PS: Oh yeah, anyone who happens to be fans of Bambi and her mom will have a hard time watching this episode.

The Walking Dead – Behind the Scenes Sizzle Reel (AMC)


It’s now just a little over a month to go before one of the most anticipated new shows on TV hits the airwaves. AMC’s tv series adaptation of Robert Kirkman’s critically-acclaimed and fan favorite comic book series The Walking Dead will premiere on Halloween night 2010 at 10pm. The show will also premiere within days in over 40-plus countries which would be an unprecedented feat for a first time tv series.

Frank Darabont and his band of writers seem to have taken Kirkman’s story and made the necessary changes to make it work on tv. One aspect of Kirkman’s storytelling was how some people thought it to be too expositionary. This left each page with too much talking while at the same time not fleshing out each character to be distinct from each other. While I can see that I don’t buy into that particular flaw in the story too much. This is a story of the end of the world and stress definitely plays a key role in how everyone reacts to their new environment.

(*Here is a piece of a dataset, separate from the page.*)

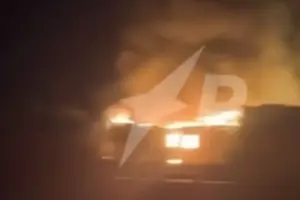 Суровикіно є стратегічним логістичним вузлом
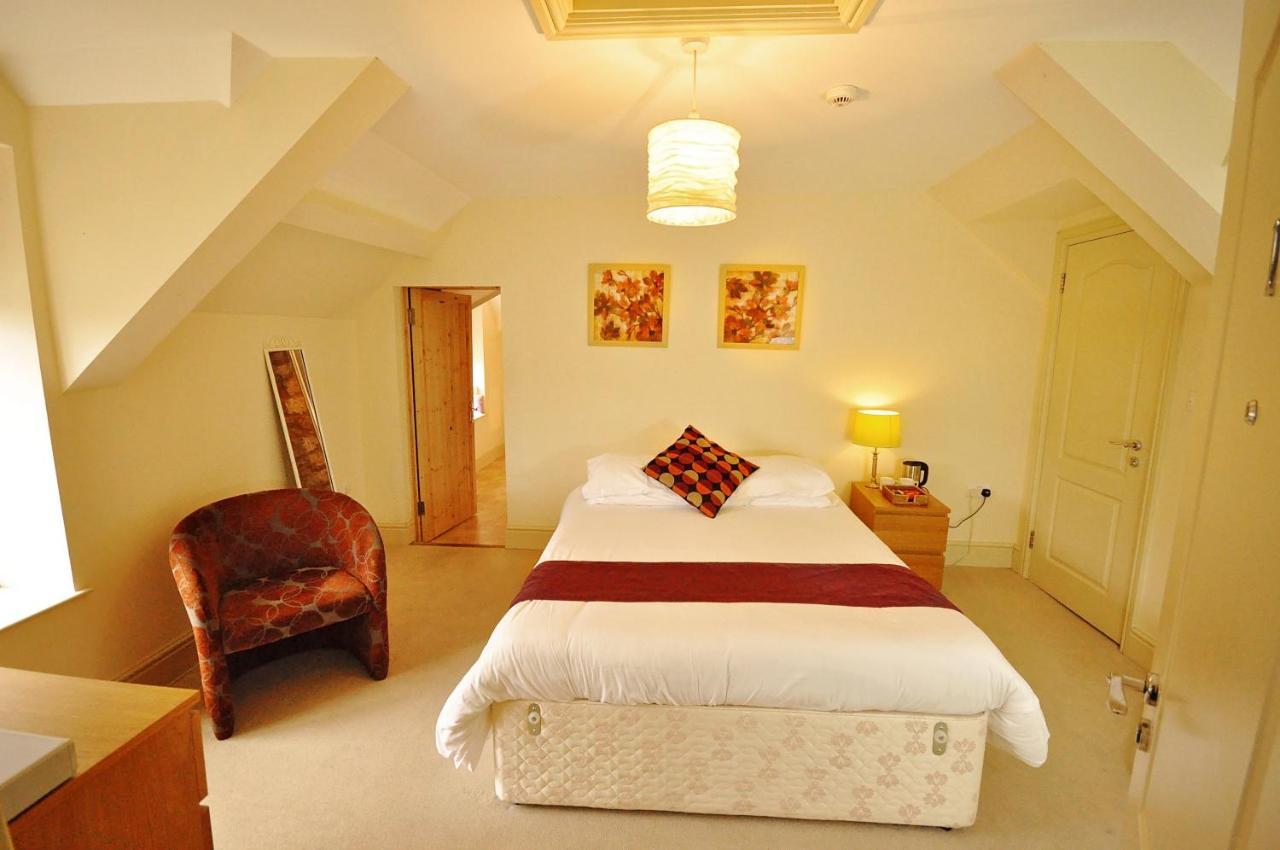 The Castle Hotel Talgarth Ngoại thất bức ảnh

From the AMC “sizzle” reel the network has released just in the last few days it looks like the show’s writers have taken Kirkman’s story, ideas and dialogue and made them flow much more naturally. Final judgement on whether this actually happens will have to wait until the show premieres, but Darabont has always been a writers first and filmmaker second so I definitely have much faith that he and his team will come out with a great product that takes the best from the comic book and trims the fat and gristle off by the wayside.

There’s also one thing the “sizzle” reel above shows which should answer the trepidations that some of the comic book’s fans have had since hearing th news of the adaptation. This was whether AMC will keep the gore and violence from the comic books or will it be toned down. From the looks of some of the scenes shown in the reel above the gore and violence is on-hand and from the look of things this may be the most gory thing on tv that’s not premium cable. I see blood, gore, viscera and all the nice gooey things that happens when a body’s insides are exposed to the environment. YUM!

Halloween 2010 needs to come now, but until then revisiting the comic books the series is adapting is a good way to pass the time.

Source: io9

The Walking Dead – Official Series Trailer (AMC)


Well, it’s now official. AMC has finally released the very same trailer that people not fortunate enough to have attended San Diego Comic-Con last month. This trailer is under 5 minutes long and it’s the same one those who attended the Comic-Con panel for the show saw. Only shaky and grainy bootleg copies of the trailer has been seen outside of that panel. While some bootleg versions were quite good in quality they’re still not a substitute for the official release of the same trailer by AMC for everyone to watch.

This official trailer release was also AMC’s way of finally announcing the premiere date of the 90-minute pilot episode (directed by showrunner and producer Frank Darabont). The pilot will premiere worldwide on Halloween Night, October 31, 2010. While some thought the pilot will premiere early on AMC’s “Fearfest” campaign for October I think it’s appropriate that the series premieres on Halloween Night. I can definitely see many fans of the comic book series planning their Halloween parties to include group watch of the pilot episode the very same night.

Still two months away and this trailer definitely doesn’t make the wait any easier.